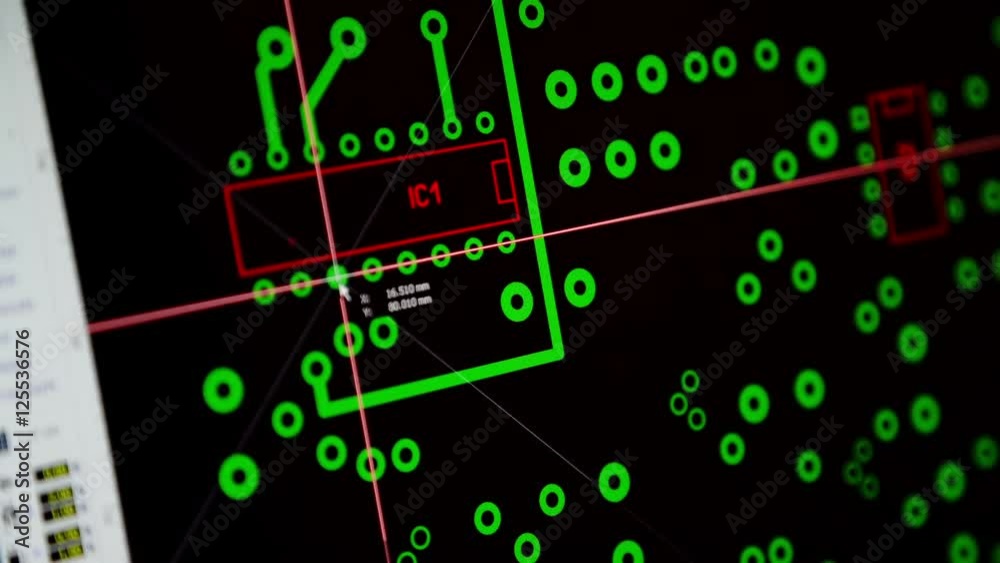 electronic engineer designing a printed circuit board with PCB layout software
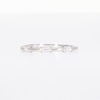 0.085 CT. T.W. Baguette Diamond Three Stone Anniversary Band in 10K Gold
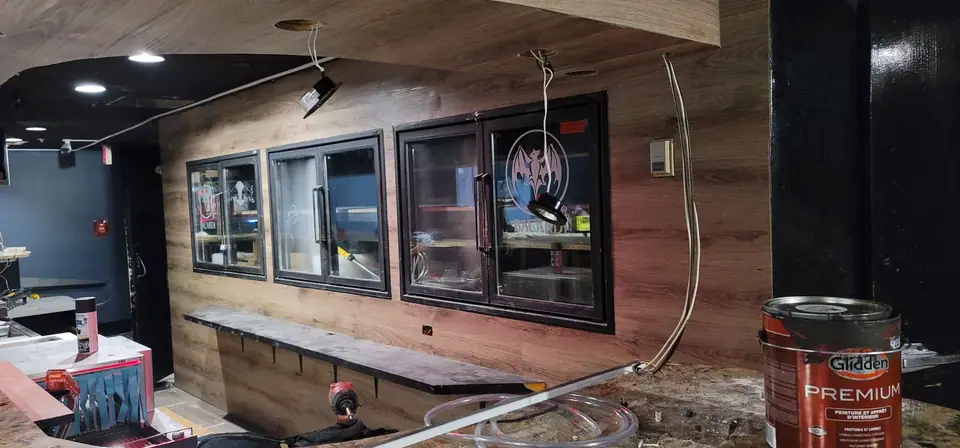 Commercial interior: curved wood-look bulkhead and service wall, photo 7 of 15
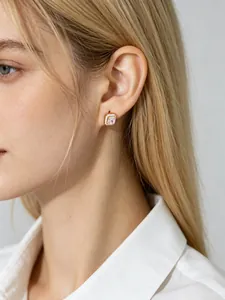 Premium detail view of square CZ sterling silver stud earrings worn on a female model's ear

—————

* What is needed: The lines from the one containing "Commercial interior: curved" through the end of the data above are to be copied exactly, both ends included, and pictures are to be omitted.

* Task result:
 Commercial interior: curved wood-look bulkhead and service wall, photo 7 of 15
 Premium detail view of square CZ sterling silver stud earrings worn on a female model's ear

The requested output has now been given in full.